What the task requires
Please set down the data word for word; images do not go in the copy.

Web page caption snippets
++++
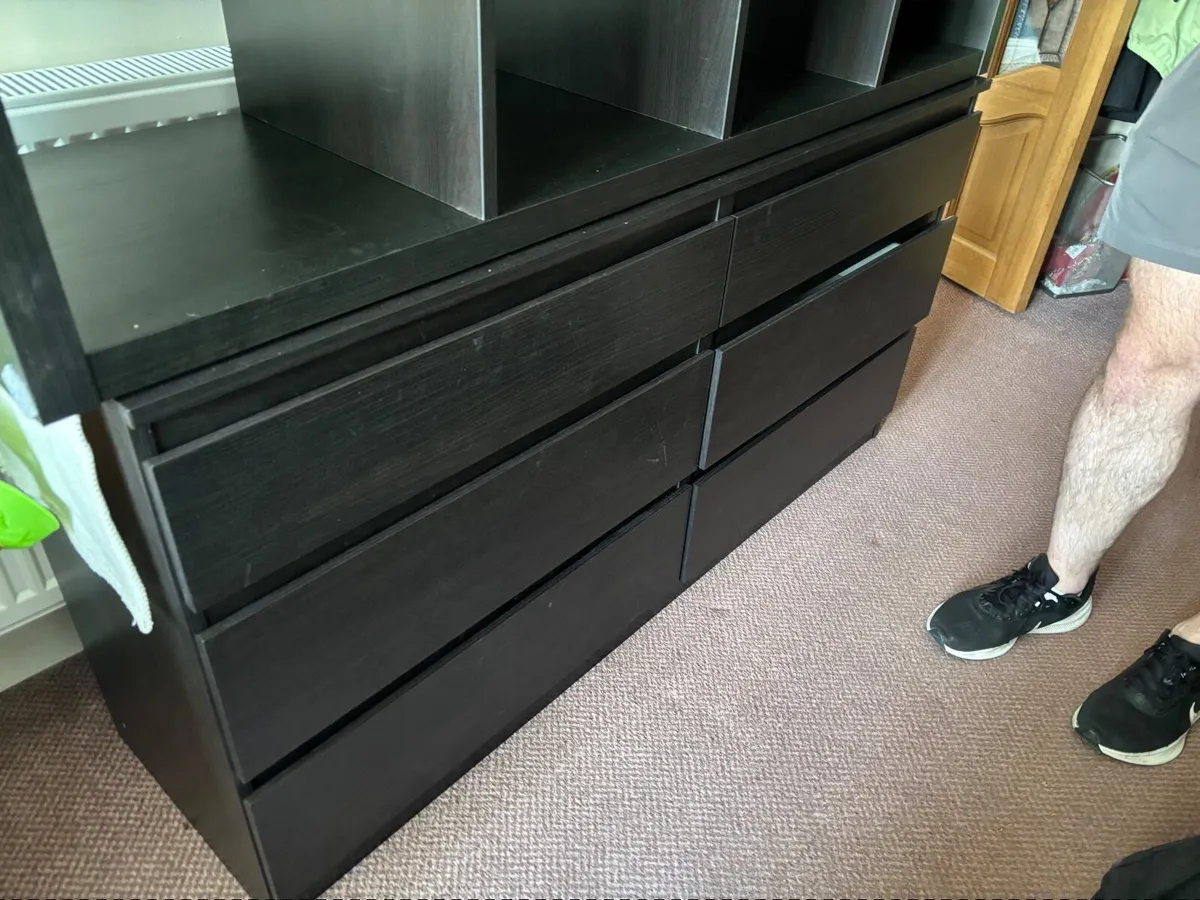 Chest of drawers - Image 2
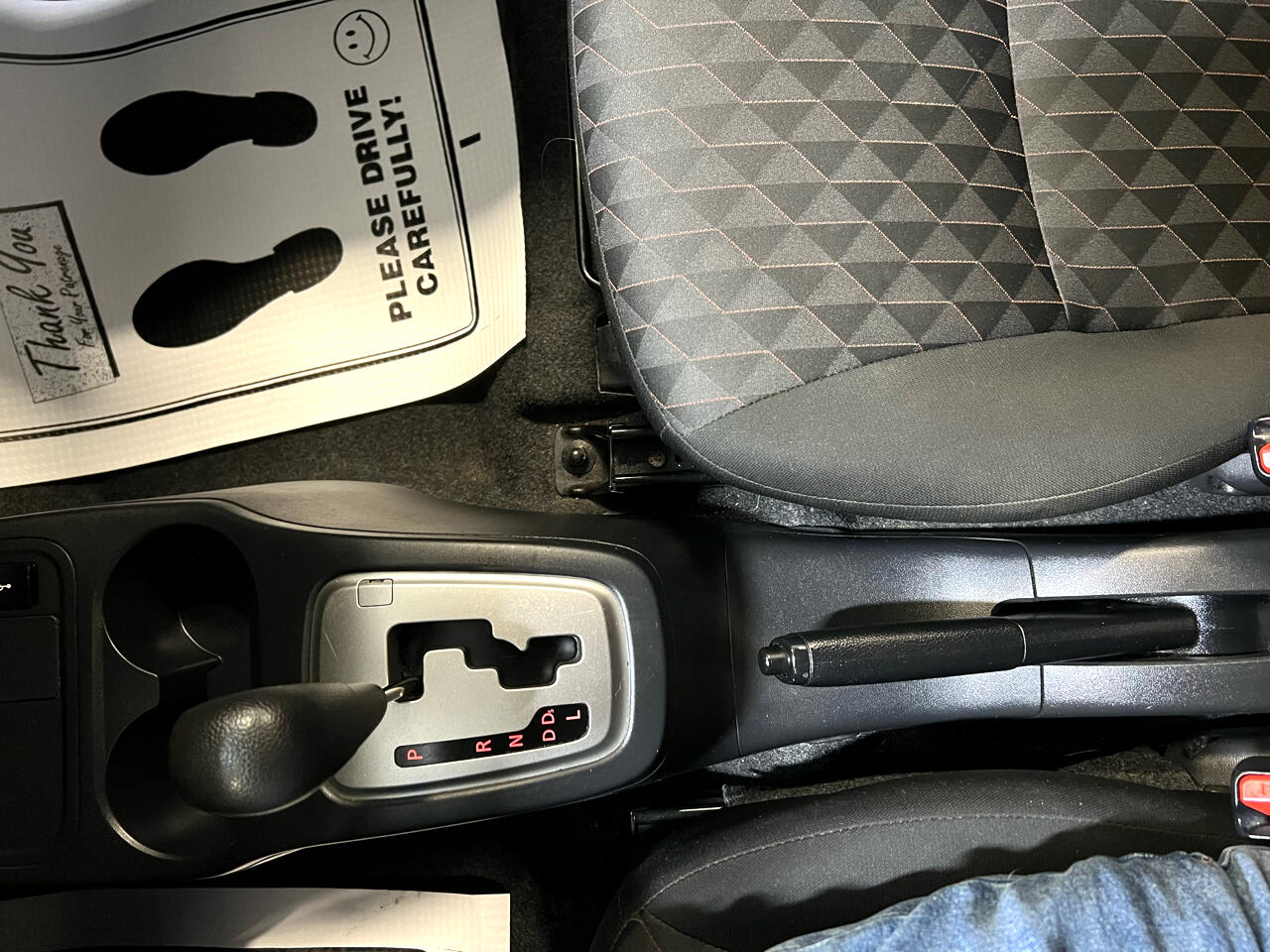 Vehicle image 21 of 24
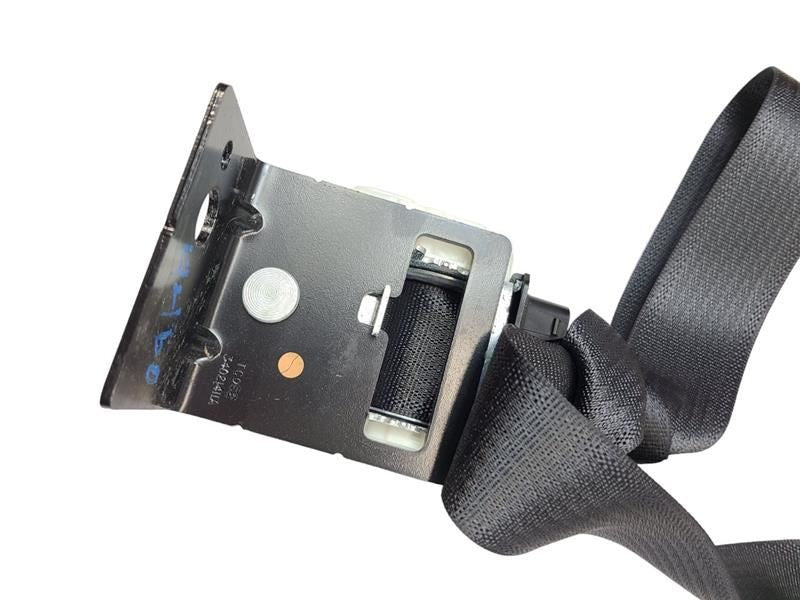 REAR SILVRDO15 2018 Center Retractor Seat Belt Rear 568183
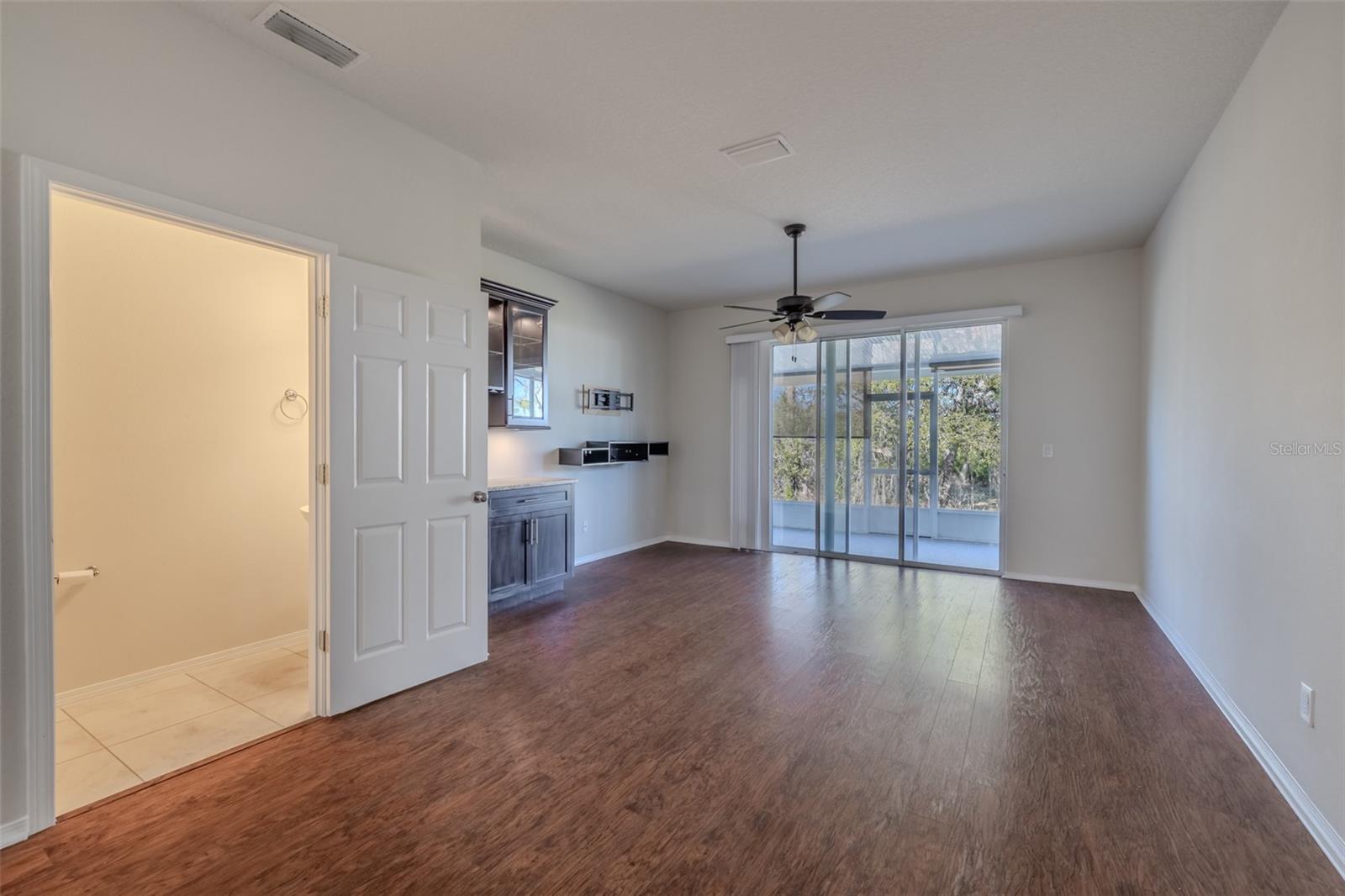 Image 6 of 41 For 4734 White Sanderling Ct Court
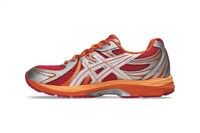 Neon-Tinged Technical Sneakers Image 4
++++
Result
 Chest of drawers - Image 2
 Vehicle image 21 of 24
 REAR SILVRDO15 2018 Center Retractor Seat Belt Rear 568183
 Image 6 of 41 For 4734 White Sanderling Ct Court
 Neon-Tinged Technical Sneakers Image 4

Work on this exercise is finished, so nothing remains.